╔══
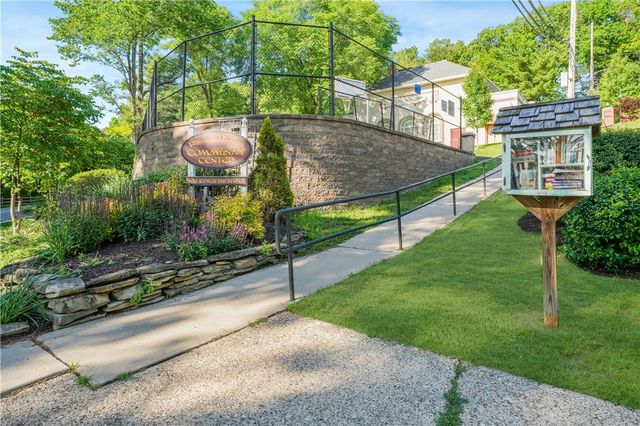 6 Old Farm Rd, Rosslyn Farms, PA 15106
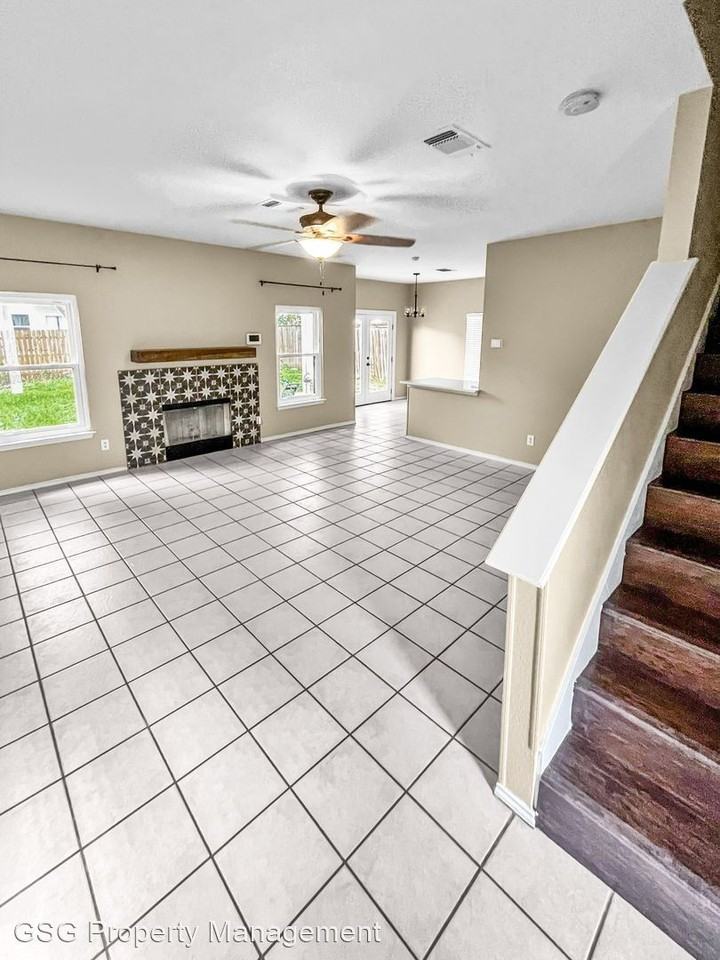 1307 Hazelbury Ln - Photo 3 of 16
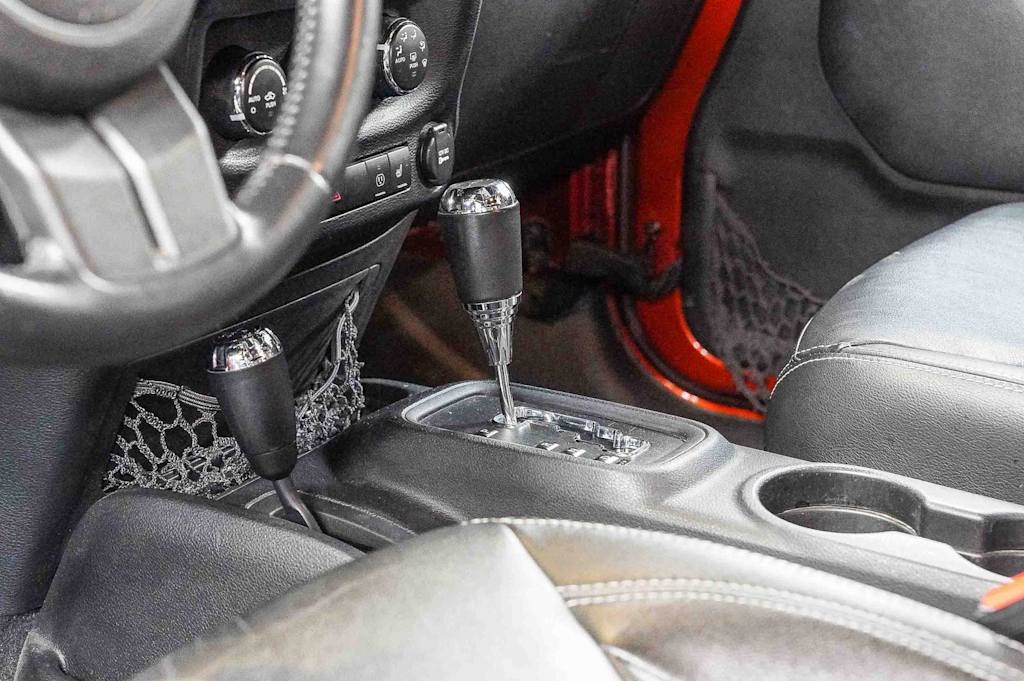 Thumbnail: 2014 Jeep Wrangler - 16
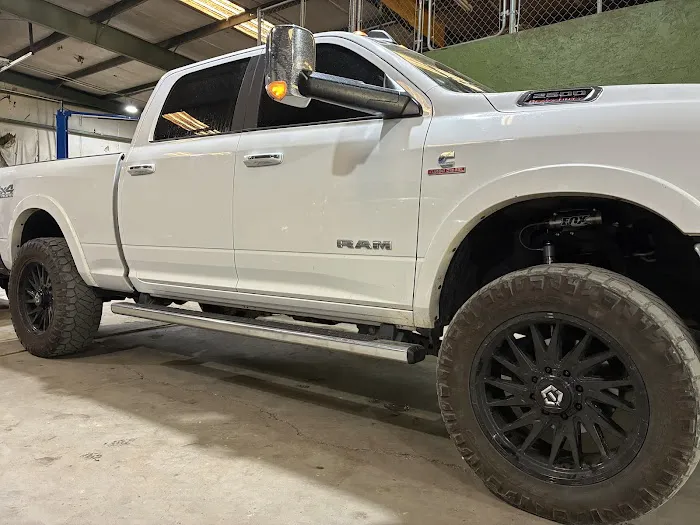 T&b mechanical solutions Picture 6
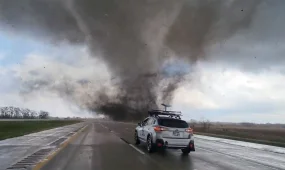 8 мыңнан астам әуе рейсі тоқтады: 18 штатта төтенше жағдай жарияланды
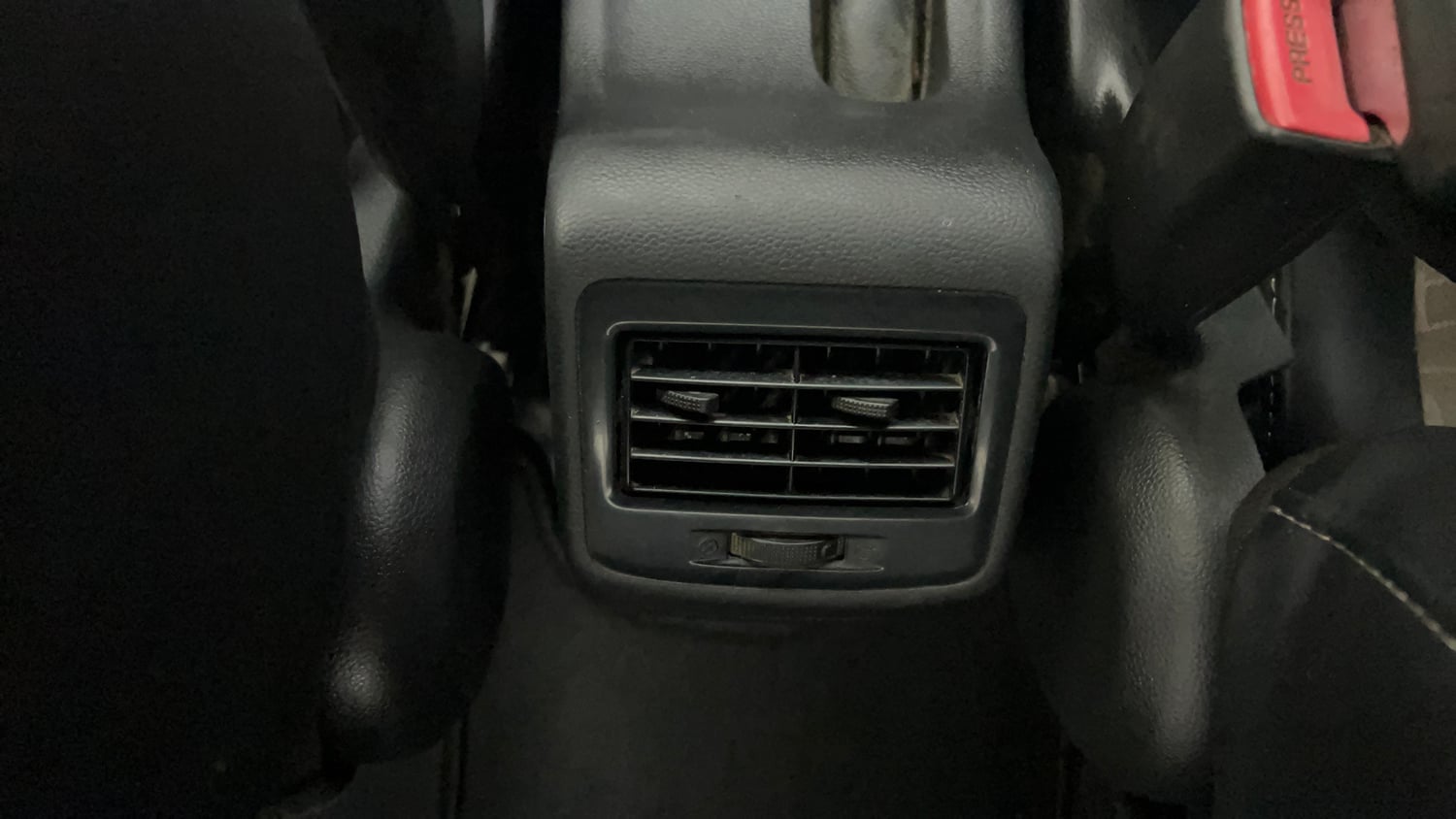 Used 2015 Hyundai Grand i10 Magna 1.2 Kappa VTVT Petrol Manual top_features 2nd row AC vent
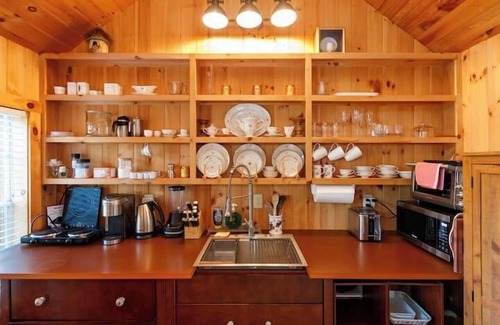 Whitefield House | Sunny Waterfront Cottage on Private Lake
╚══
What you need to do:
Each entry, word for word, belongs in your answer; each picture does not.

Answer box:
 6 Old Farm Rd, Rosslyn Farms, PA 15106
 1307 Hazelbury Ln - Photo 3 of 16
 Thumbnail: 2014 Jeep Wrangler - 16
 T&b mechanical solutions Picture 6
 8 мыңнан астам әуе рейсі тоқтады: 18 штатта төтенше жағдай жарияланды
 Used 2015 Hyundai Grand i10 Magna 1.2 Kappa VTVT Petrol Manual top_features 2nd row AC vent
 Whitefield House | Sunny Waterfront Cottage on Private Lake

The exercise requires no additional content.